In all seriousness, there are a couple of things about Sandy worth your attention. Yes, it looks like he's wearing a leather World War II fighter helmet on his head, but I assure you, that's his hair. He's got two buns and then a long narrow ponytail running along the top of his head. Apparently, this was all the rage in male hairstyles at the time.
But the other thing that's interesting is the dark stripe on his face. Aaron Deter-Wolf, a Prehistoric Archaeologist with the Tennessee Division of Archaeology, has been doing a lot of research into the history of self-decoration among prehistoric people here in the Americas, so I asked him if he thought that might be a depiction of a tattoo.
His answer? Maybe — "There’s one school of thought for ancient art that says incised lines mean tattoos, while painted lines mean body paint. I’d argue that because body paint was event-specific, choosing to put the decorations on a stone statue either means that they wanted to identify this character as being permanently engaged in a specific ritual activity, or that the decorations were (as tattoos) a permanent part of his identity. Bottom line: impossible to know for certain."
Still, if you're a fan of body art, Sandy's got it.
My favorite thing about the statue is how his ears and right hand look so distinctive. You almost could pick out the individual the artist was looking at just based on those fingers.
At least, when I look at Sandy, I feel like I'm getting a glimpse of a real person, like the ancient-artifact equivalent of coming across old photographs of the person who lived in your house before you. It's really powerful—looking at not just some old thing, but some old thing that was obviously very important to someone.

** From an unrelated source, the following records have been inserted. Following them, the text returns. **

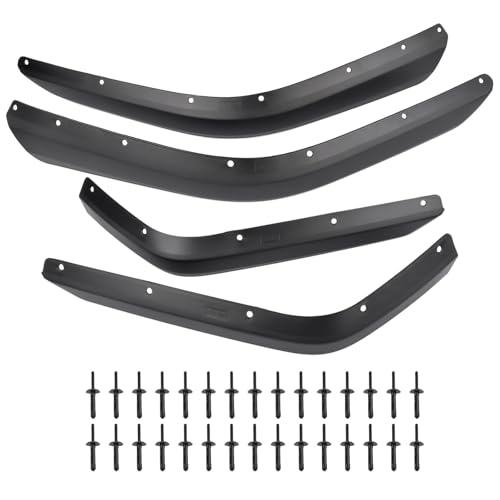 4Pcs Front & Rear Fender Flares Extensions Replacement for 2019-2024 Jeep Gladiator JT 2/4 Doors Wheel Fender Liner JT Low Clearance Fender Flares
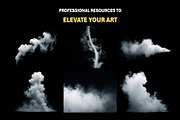 240+ Smoke Elements Overlay Effects, an Object Graphic by Mikel Blazgad (Thumbnail 4 of 10)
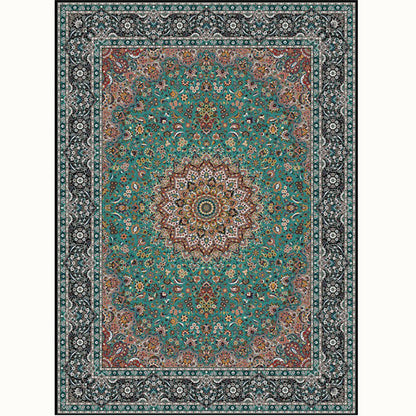 Vibrant Moroccan-Inspired Area Rug - Pet-Friendly & Washable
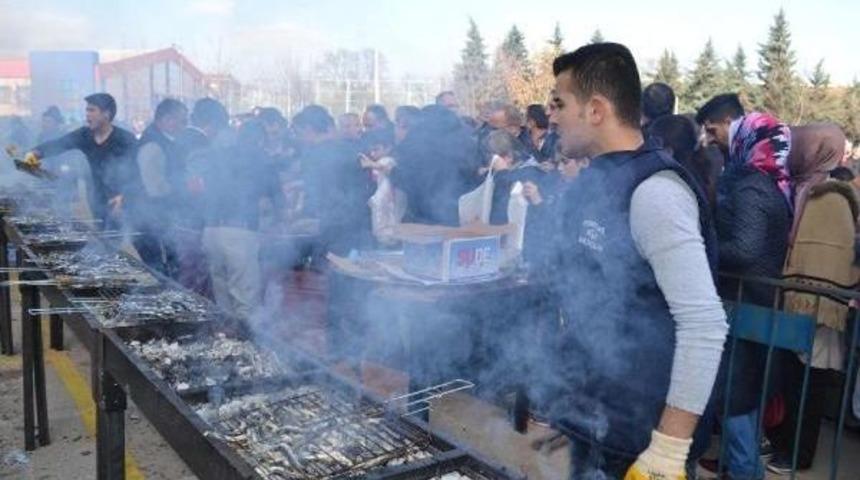Horon Festivali&rsquo;Nde 2.5 Ton Hamsi Pişirilerek, Dağıtıldı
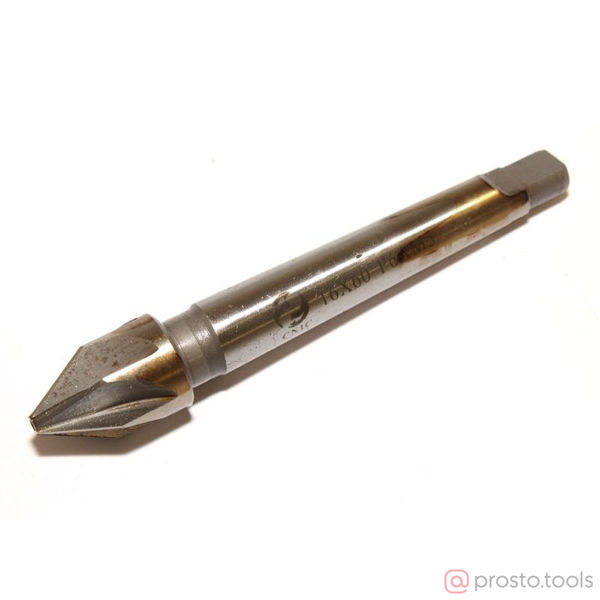Изображение Зенковка коническая к/х 25* 60" Z=6 КМ2 Р6АМ5 CNIC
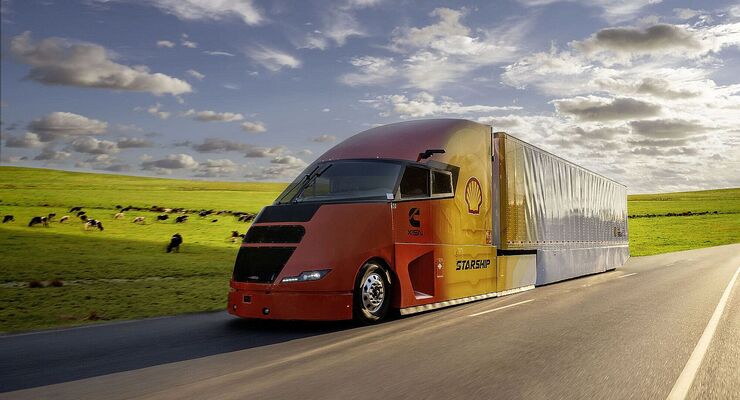 Mega-Truck Starship 3.0 Hybrid von Shell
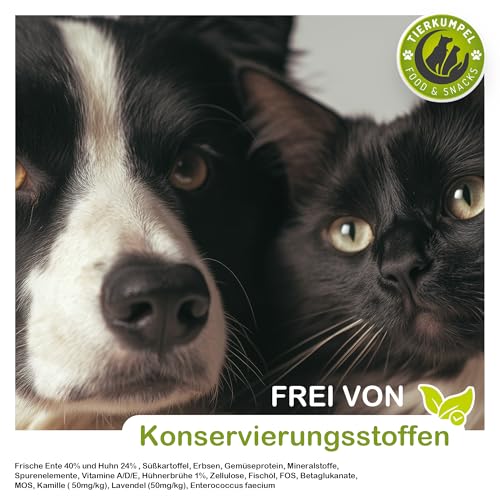 Tierkumpel Food & Snack - 150g Beruhigende Leckerlis für Hund und Katze - Natürliche Beruhigung mit Lavendel und Kamille bei Stress, Angst und Nervosität - Hunde Leckerlie probiotisch zur Entspannung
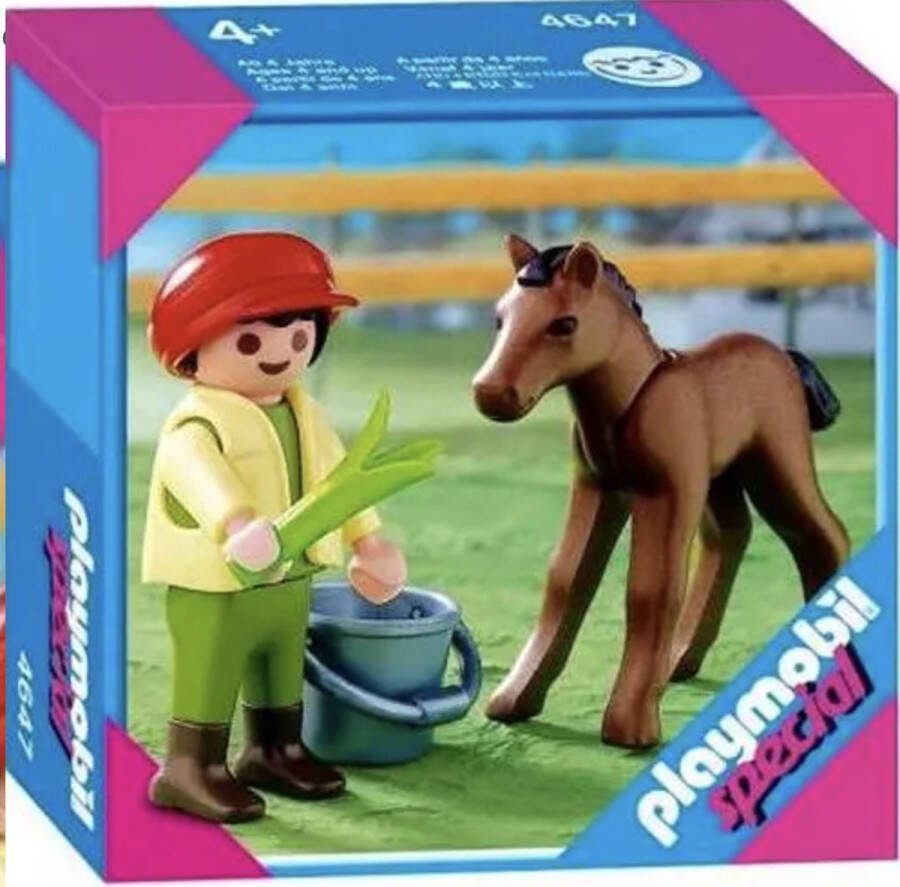 PLAYMOBIL Jongen met Veulen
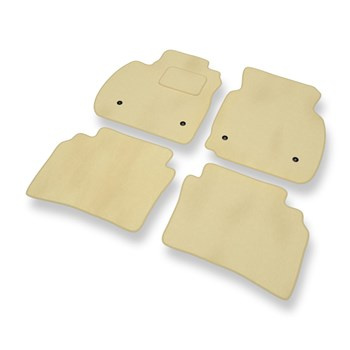 Alfombrillas de Velour adecuadas para Opel Insignia II Grand Sport, Sports Tourer (2017-2023) - alfombras para coche - Premium color beige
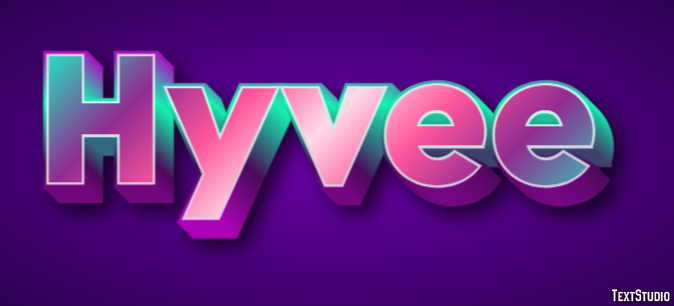 Hyvee Tekst Effect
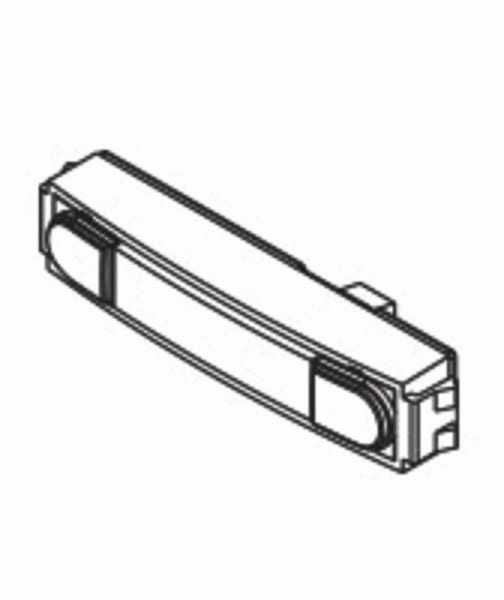 FERMAX - Cityline Doppeltaster 112x23mm Taster verchromt, Led beleuchtet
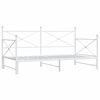 vidaXL Lit de jour avec lit gigogne sans matelas blanc 100x200cm acier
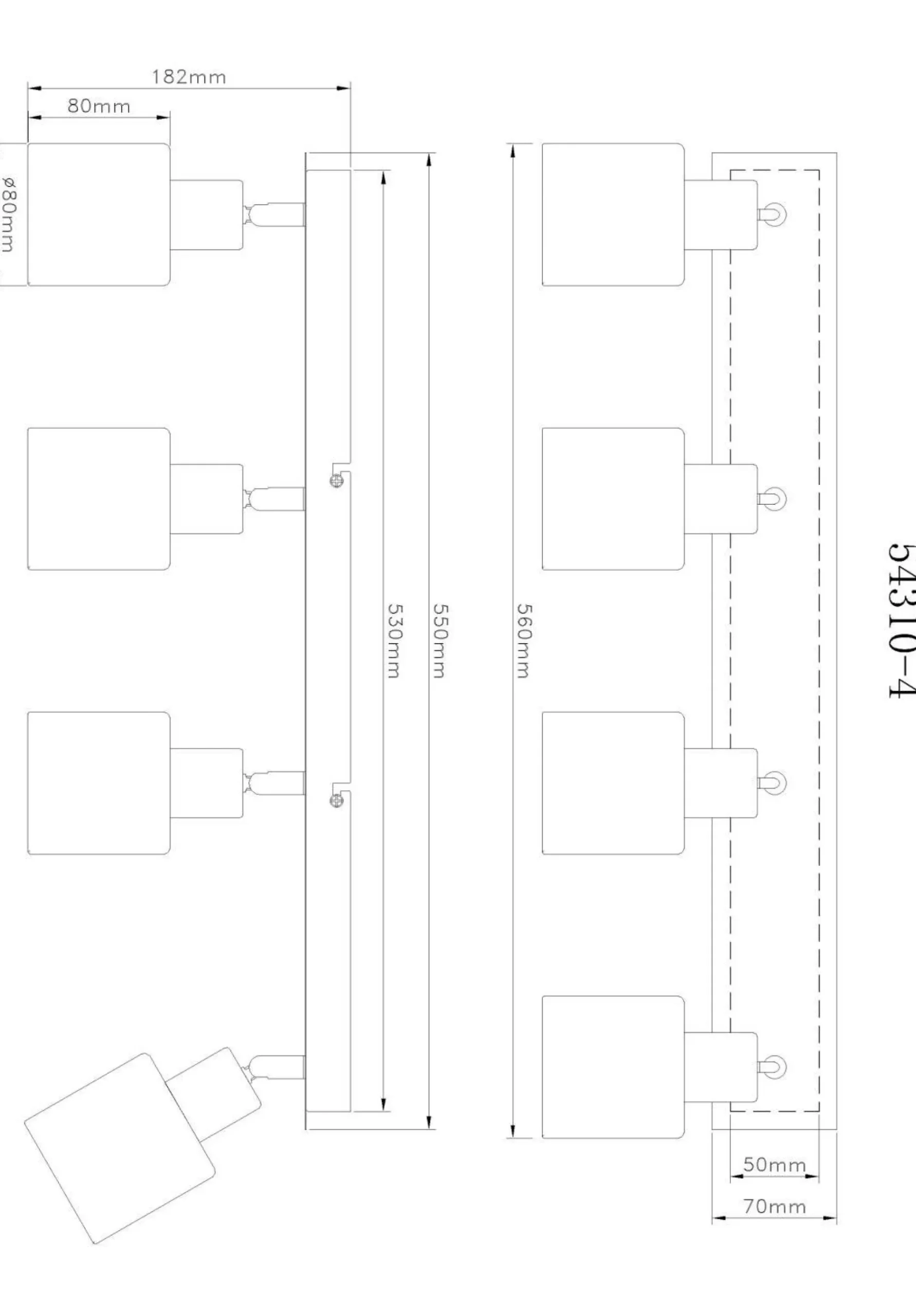 New Wand-/Deckenspot HOLLSY Spotserien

Obviously, a going concern of mine is how we, in the present, relate to our past. On Twitter, folks were talking about whether it's appropriate to have a Native American artifact as our state artifact, especially in light of Andrew Jackson (He was specifically mentioned, but early white settlers here were all prepared to and willing to kill Indians). Does it stink of "Look at our plunder! We killed your immediate ancestors and stole your farther-back ancestors' stuff!"? I think that's a worthwhile question to ask.
But I also think that there is no uncompromised position the state can stand in. We can't wait until we've figured out how to talk about Jackson to talk about the people who've lived here for as long as there have been people here. One man, just about 70 years worth of life, shouldn't get to hold up or hold back a discussion of ten thousand years of people's lives.
And yet, I also think that we owe it both to the past and to the future to acknowledge that we may, in good faith, be making the wrong call when it comes to how we deal with the State's Native American legacy. And, if, in the future, we're asked to change our approach, let's be gracious about doing so.